Painting of the month for February 2020

Love Steering the Boat of Humanity

1899-1901. Oil on canvas Watts Gallery

For an artist who did not adhere to any dogmatic faith, many of the works by George Frederic Watts (1817-1904) is saturated in spirituality. Images of life and death, virtue and sin, the earth-bound and the otherworldly through religious and moral subject matter dominate his artistic output and were often utilised to reflect both universal ideas of the eternal as well as socio-political current affairs. This painting is no exception. Upon first viewing of Love Steering the Boat of Humanity (1899-1901) one would be forgiven for seeing only the former of the two layers of meaning. A small wooden boat carrying two passengers is being tossed violently by the waves in the foreground. A threatening sky above bears down on the scene with the palpable weight of a storm. The slumped figure in the back of the boat is Humanity, exhausted and helpless despite his obvious physical strength. Steering the boat is the personification of Love, Humanity’s powerful rescuer, golden-haired and muscular. As the boat is thrown tumultuous waves foaming around the hull, Love struggles to steer the vessel to safety. The dramatic tilt of the boat and the closely-cropped, zoomed-in composition create a sense of inescapable drama. Several preliminary sketches for this painting owned by the gallery show Watts’ creative process to arrive at this powerful arrangement.

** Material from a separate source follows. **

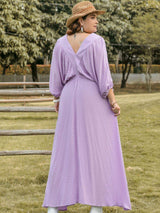 Plus Size Swiss Dot V-Neck Midi Dress - Trendsi - Flyclothing LLC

Watts’ wife, Mary Seton Watts, described her husband’s work as an ‘endeavour to put into visible form the ideas of the present age.’[1] This painting, seemingly an accessible allegorical scene, the artist is expressing his concerns for contemporary issues, namely the Boer War. The British Empire and other European powers had colonies in South Africa and had been battling for control in the 19th century, striving to expand their territory, exploiting natural resources and enforcing their culture in their colonies. To Watts, who was passionately anti-war and violence of all kind, this must have been humankind at its worst.

Humanity, defeated and almost lifeless, is saved by Love. Under Love’s protection and direction, humankind will endure. Sunlight and blue sky are¬†breaking through the smoky clouds, an unmistakable sign of hope. Humanity cannot master the seas or the storms of life alone, and while suffering and difficulty are guaranteed Love is represented as a constant reliable throughout.

 

[1] Macmillan, Hugh. The Temple Biographies: G. F. Watts. p.182.